Le Maroc se porte candidat au programme Galiléo

« La candidature marocaine a été accueillie de manière favorable lors des différents entretiens que j’ai eus, notamment avec la vice-présidente de la commission européenne chargée de l’énergie et du transport, Mme de Palacio et le directeur général de l’énergie et des transports, M. François Lamoureux », a-t-il confié à la MAP. Le ministre avait assisté à la séance de clôture d’une rencontre d’information organisée, mercredi à Bruxelles, par les responsables du projet Galiléo, à la tête d’une forte délégation marocaine composée de représentants du ministère de l’Equipement et des transports et de plusieurs départements et institutions. « Maintenant, il s’agit de mettre en place les différentes étapes de présentation et le démarrage des négociations qui devraient aboutir assez rapidement à la signature d’un accord pour cette participation », a précisé le ministre.

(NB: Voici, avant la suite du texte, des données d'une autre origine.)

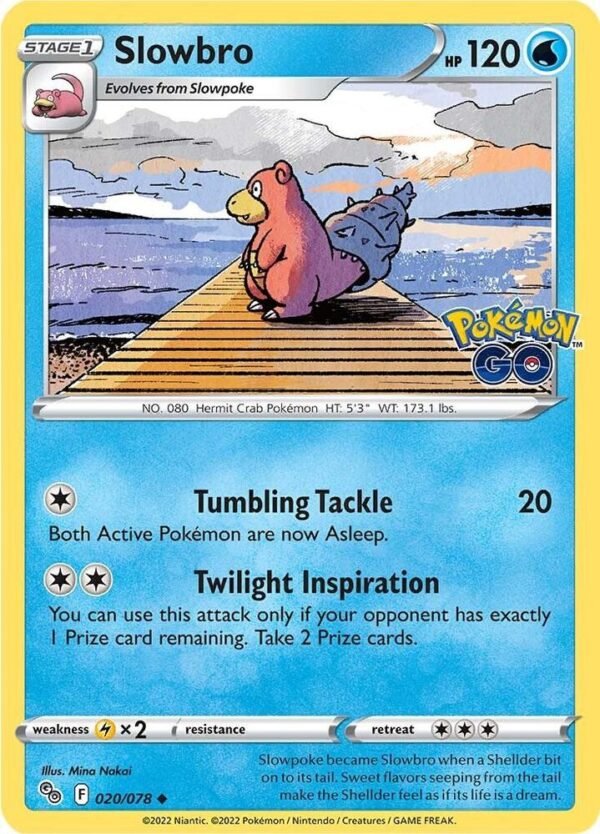 Slowbro 020/078 Reverse Holofoil Pokemon GO
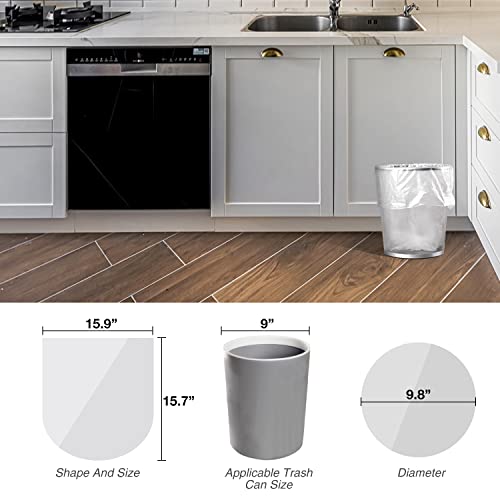 Charmount Small Trash Bags 1.2 Gallon, 102 Count Garbage Bags Bathroom Trash Can Liners,fit 4.5-5 Liter Clear (Pack of 2) - size: 1 Count (Pack of 204), style: 1.2 Gallon
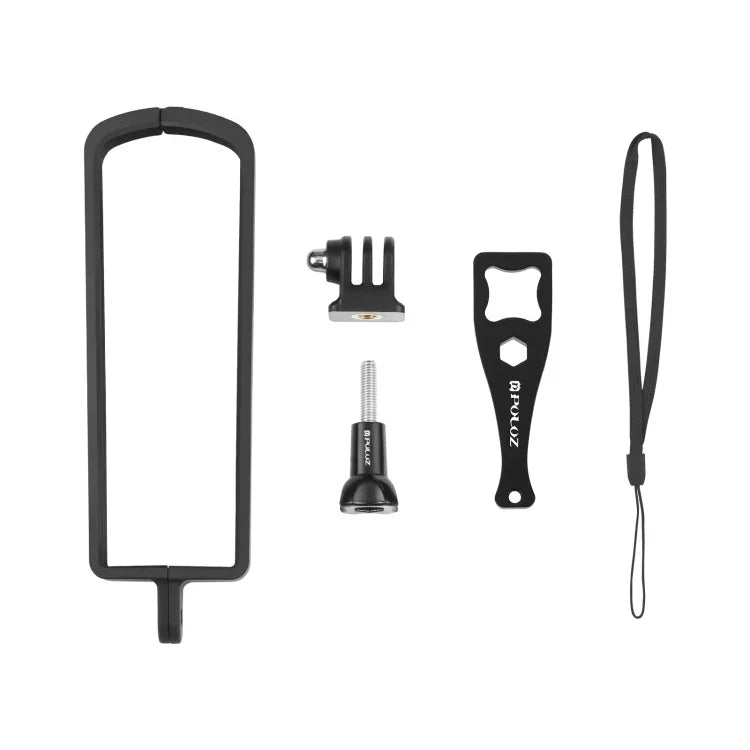 Estrutura Protetora em Plástico PC ABS PULUZ para Ricoh Theta SC2, com Adaptador de Montagem e Parafuso, Estrutura Plástica para Ricoh Theta SC2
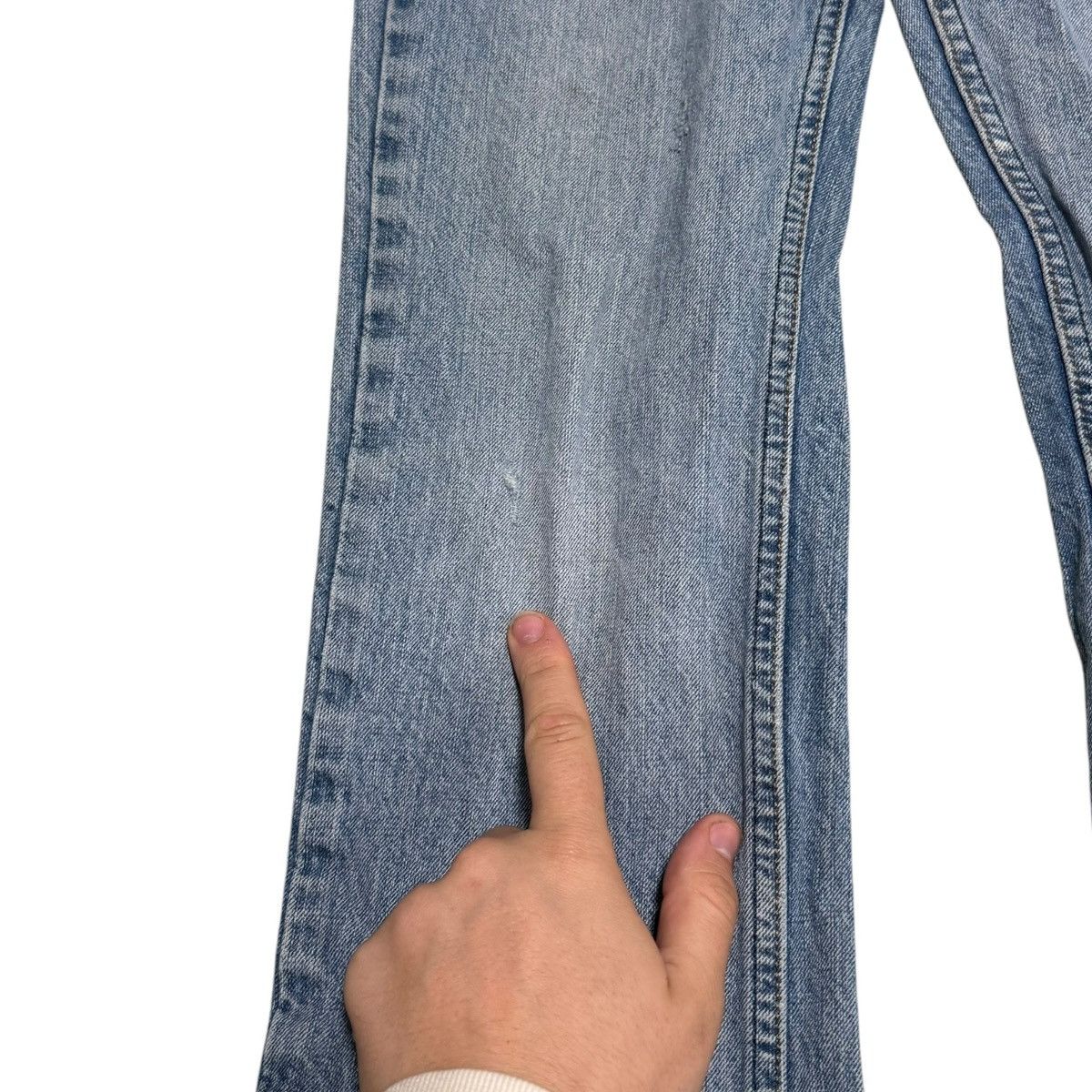 Bullhead Denim Co. Bull Head Gravels Slim Fit Light Wash Jeans Men’s 29x29.5 Size US 29 - 6 Thumbnail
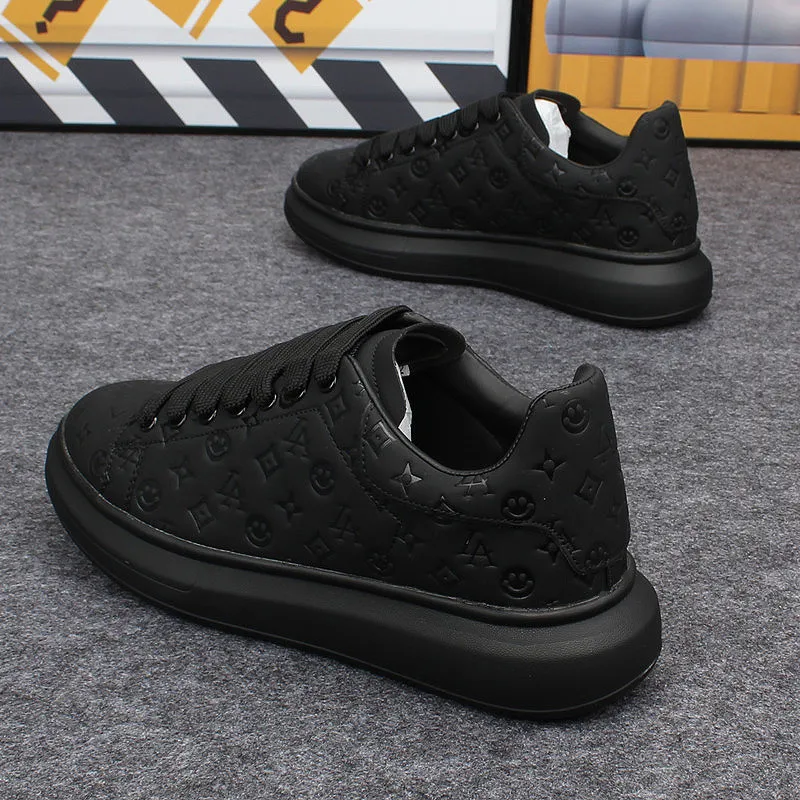 Men's White Fashion Sneakers 2022 - Casual Black & White Shoes, Soft Bottom Board Shoes for Couples, Comfortable and Stylish thumbnail 3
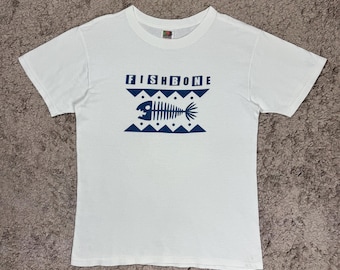 Vintage 90s Fishbone Band Tee - Fuck Racism - Large Size - Etsy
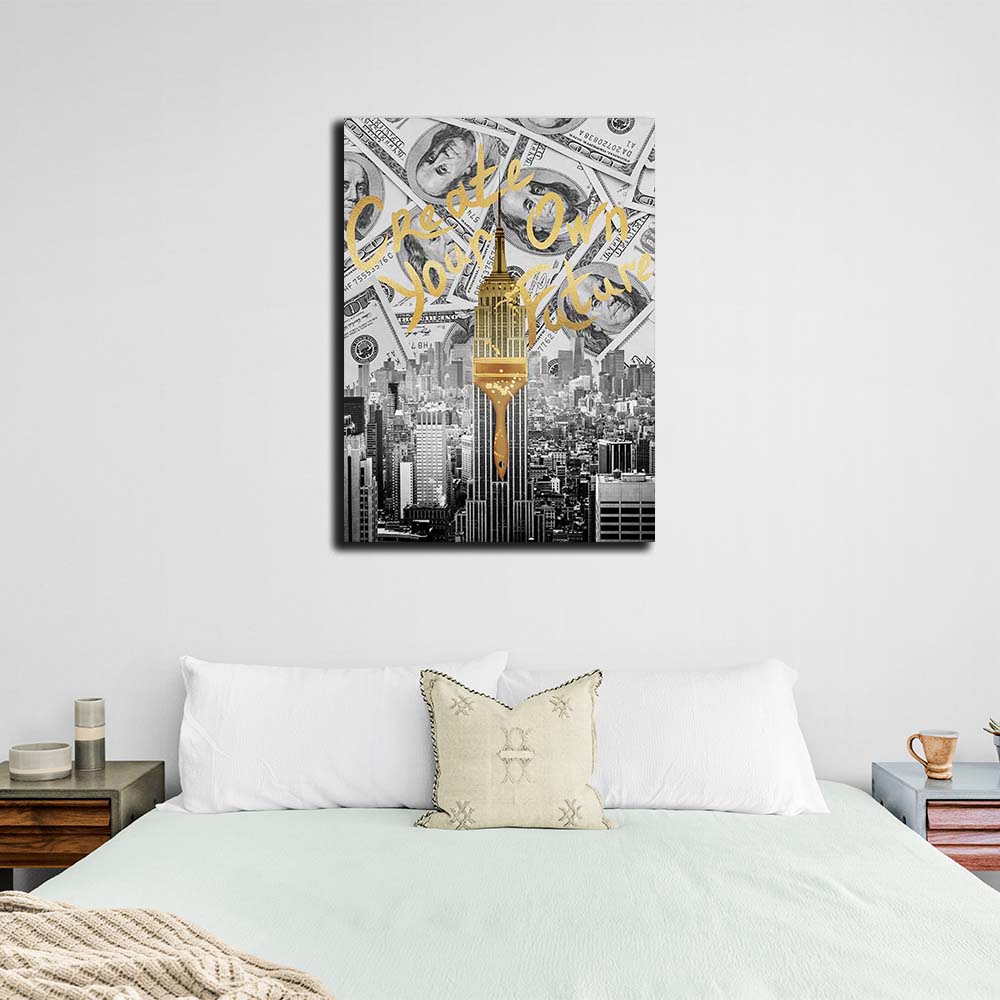 Next stop is the summit Motivational Canvas Wall Art Print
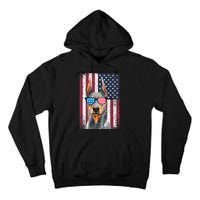 Patriotic Doberman Pinscher 4th Of July Usa American Flag Tall Hoodie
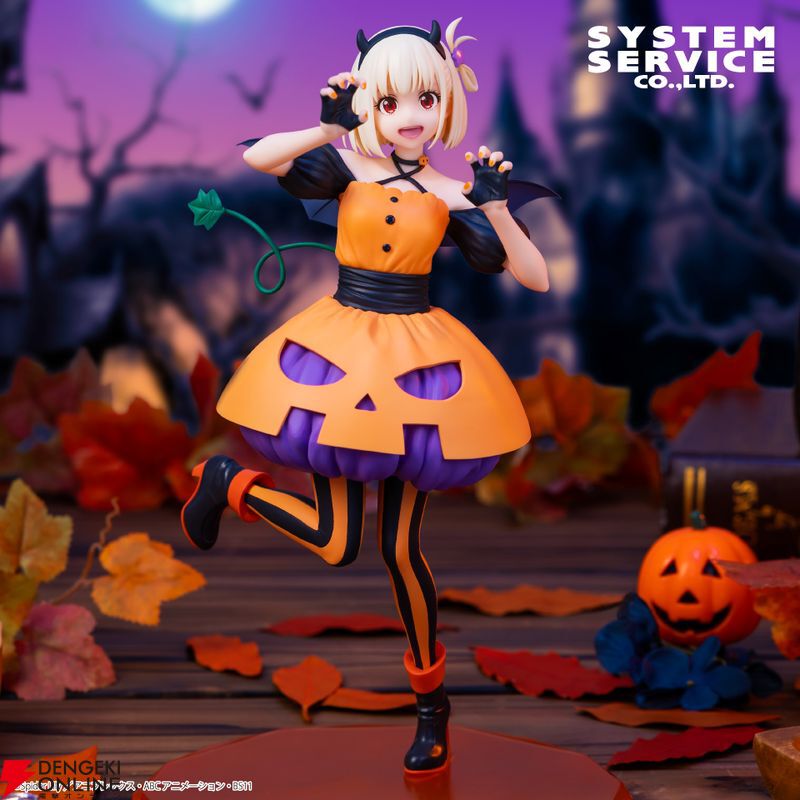 リコリス・リコイル』千束とたきながハロウィン衣装でトリックオア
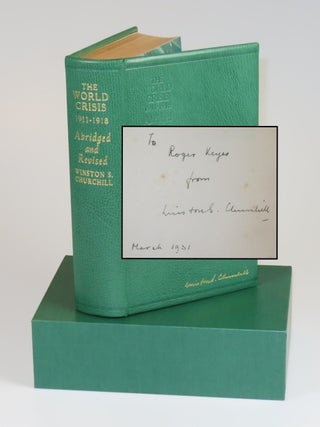 Item #008733 The World Crisis 1911-1918, a superb association copy, inscribed by Churchill upon...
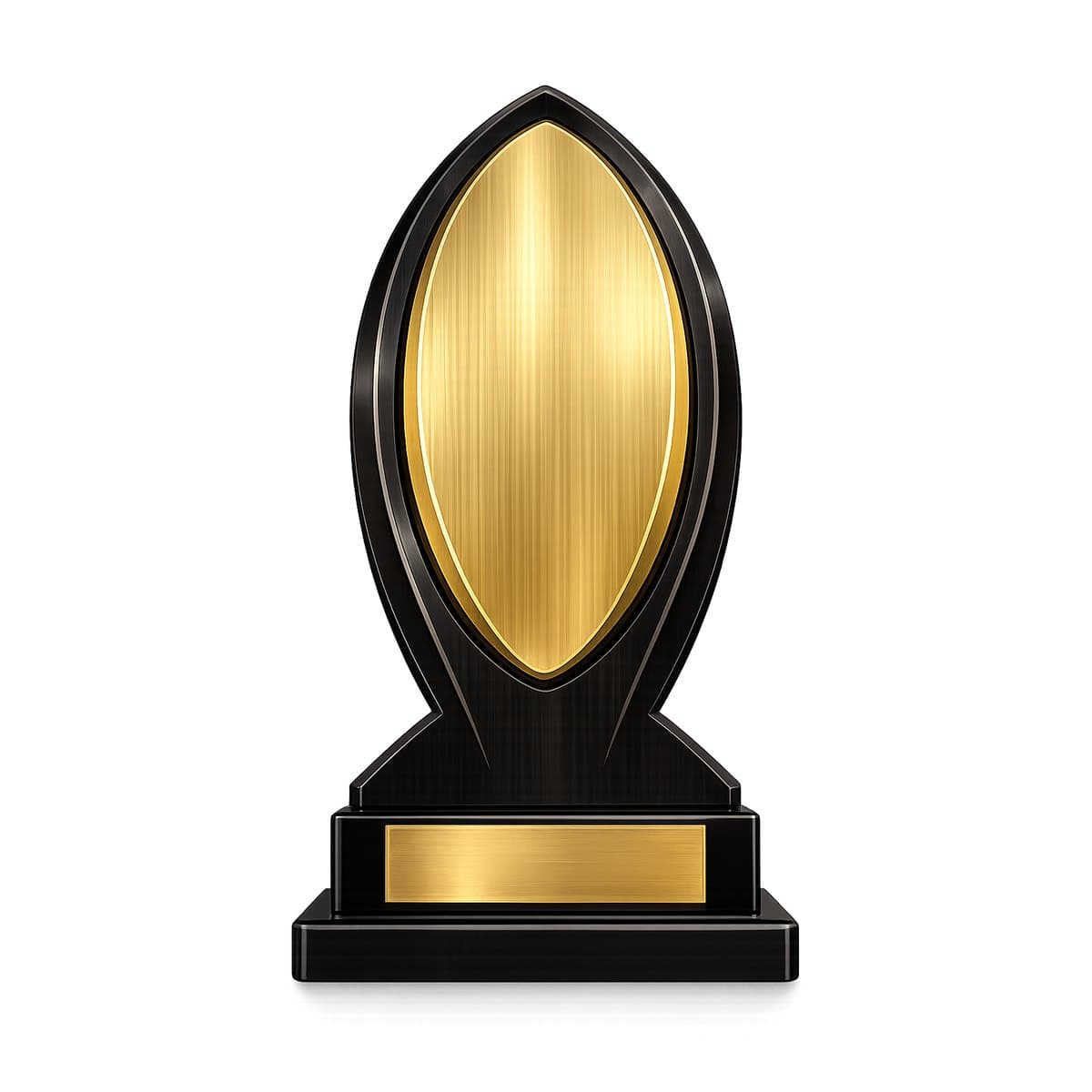 Apex Oval custom trophy model with gold football-shaped centerpiece ready for engraving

Dans la perspective de cette participation, le Maroc a mis en place un groupe d’experts chargé d’assurer le suivi du projet. Ce groupe est constitué de cadres de plusieurs départements et offices, dont notamment le ministère des Transports, l’Office national des aéroports, l’Agence nationale de régulation des télécommunications, l’université Al Akhawayn, indique-t-on de source marocaine.
Le système de radionavigation par satellite Galiléo est une initiative lancée par l’Union européenne et l’Agence spatiale européenne (ESA). Cette technologie de pointe articulée par une trentaine de satellites avec des relais terrestres, dont deux seront abrités par le Maroc, est axée sur la localisation.
Ce système permet de nombreuses applications dans plusieurs secteurs, dont le guidage, le sauvetage, l’épandage, l’élevage et les pêcheries. Qualifiant le programme Galiléo d' »opportunité intéressante », M. Ghallab a considéré que ce programme d’application professionnelle et domestique, basé sur le positionnement par satellite, « peut constituer une nouvelle révolution technologique ». »L’information qui consiste à connaître son positionnement n’est pas encore utilisée dans plusieurs secteurs car, à défaut d’une demande, l’information n’existe pas », a-t-il poursuivi, relevant que ce projet vise à développer cette information avec des services à valeur ajoutée.